Would you transcribe the entries below, beginning at the line with "thumbnail image 1" and ending after the line with "Natural White Opal", exactly, with no picture and nothing more?

» **The records**:
━━━━━━

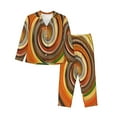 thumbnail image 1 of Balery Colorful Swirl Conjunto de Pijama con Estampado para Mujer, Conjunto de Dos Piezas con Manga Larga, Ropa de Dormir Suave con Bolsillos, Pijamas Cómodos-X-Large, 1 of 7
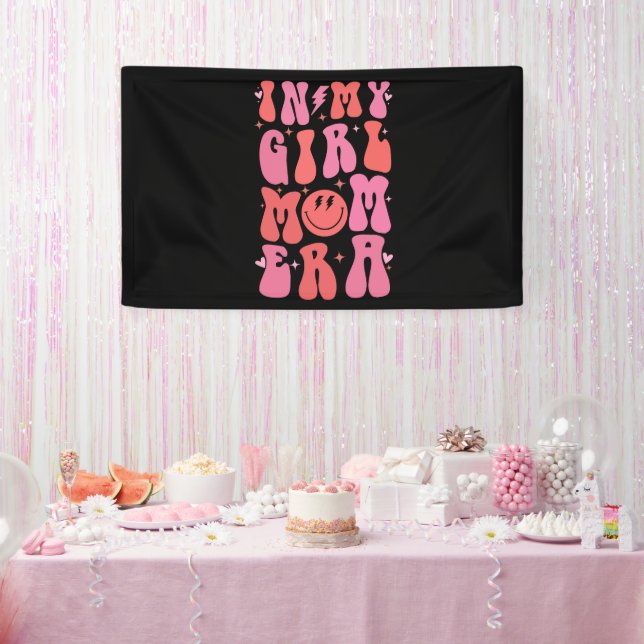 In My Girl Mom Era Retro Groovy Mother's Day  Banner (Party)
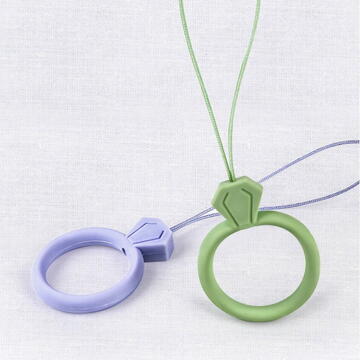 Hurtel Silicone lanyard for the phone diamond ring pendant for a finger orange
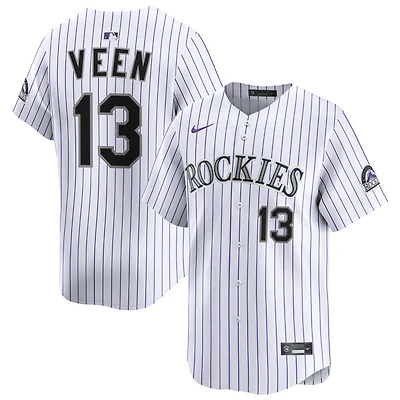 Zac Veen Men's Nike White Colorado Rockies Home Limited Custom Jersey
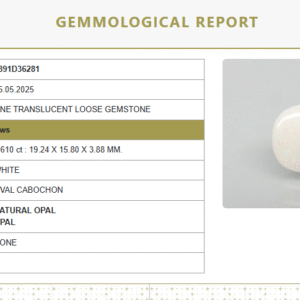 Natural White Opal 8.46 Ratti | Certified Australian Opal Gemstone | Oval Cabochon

━━━━━━

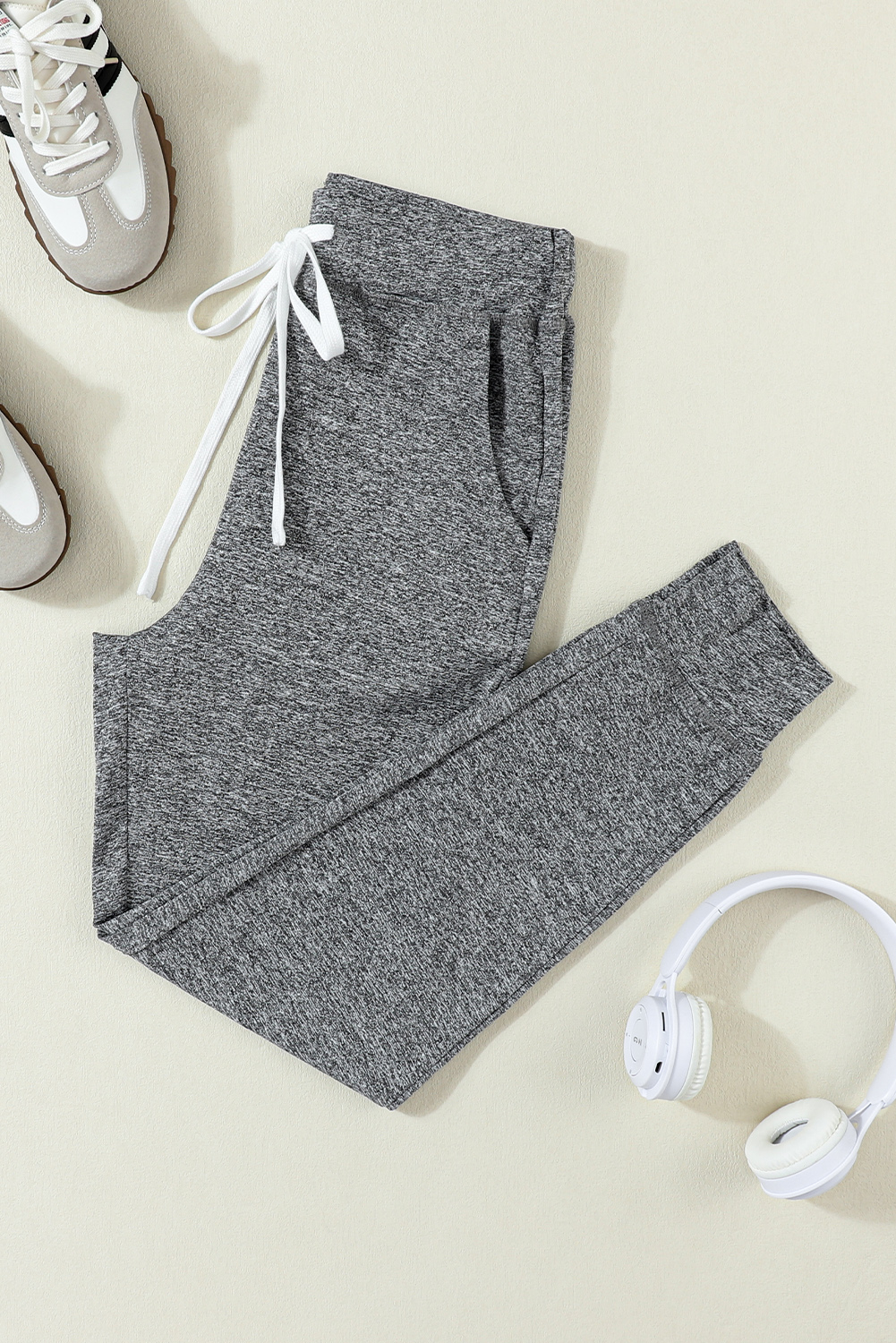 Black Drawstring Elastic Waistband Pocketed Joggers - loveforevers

━━━━━━

» **Task solution**:
 thumbnail image 1 of Balery Colorful Swirl Conjunto de Pijama con Estampado para Mujer, Conjunto de Dos Piezas con Manga Larga, Ropa de Dormir Suave con Bolsillos, Pijamas Cómodos-X-Large, 1 of 7
 In My Girl Mom Era Retro Groovy Mother's Day  Banner (Party)
 Hurtel Silicone lanyard for the phone diamond ring pendant for a finger orange
 Zac Veen Men's Nike White Colorado Rockies Home Limited Custom Jersey
 Natural White Opal 8.46 Ratti | Certified Australian Opal Gemstone | Oval Cabochon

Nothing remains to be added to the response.